Does your company have the luxury of building everything in house?
Yes. And we can if we want to, yes. We’ve taken over open source projects we rely on, but most anyone can do that. We’ve built open source versions of seven figure commercial software just to ensure we have the skills in house to do it.
You don’t need to have thousands of employees or billions of dollars in revenue to accomplish 60-80% of what I’m describing. I’m simply arguing to take measured steps at critical junctions in your software’s lifecycle.
I can tell you with 90% confidence that if you’re working for a financial institution that offers bill pay, your entire bill pay infrastructure is dependent on a third party provider. I know the provider.
If you offer an iOS app, you’re dependent on closed source software. Your project management software would be a beast to migrate, etc.
Are you really suggesting that every company should “take over” every open source project they depend on and build “open source versions of commercial software?”
I’m no more saying it was a bad idea at the time than Apple basing iTunes and later the App Store on WebObjects. If I’m consulting a startup that needs to move fast and get off the ground, I’m not going to tell them to worry about “vendor lock-in”. I’m going to tell them to use a cloud provider, use whatever “proprietary lock in” technology they need to to help them move fast and get funding and later if they grow big and they see thier needs change, then maybe suggest an alternative when it makes sense to hire a bunch of internal netops people to babysit servers.
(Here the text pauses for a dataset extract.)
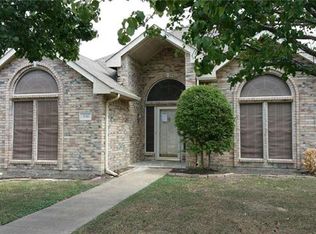 500 Bowie St, Forney, TX 75126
But get a developer who knows there way around AWS/Azure and hire a third party company that can do some of the heavy lifting will save a lot money.
Yeah I consider myself one of those people. I think I can go toe to toe with most “AWS Architects” that only know netops especially since most of them don’t know development or devops on AWS.
I was turned off from Oracle over 15 years ago when I couldn't find a price on thier Webster - buying anything from Oracle is like dealing with a car salesman. At least MS gives you upfront pricing. There are some nice features of Sql Server if you're using other peoples money. But it wouldn't be my first choice.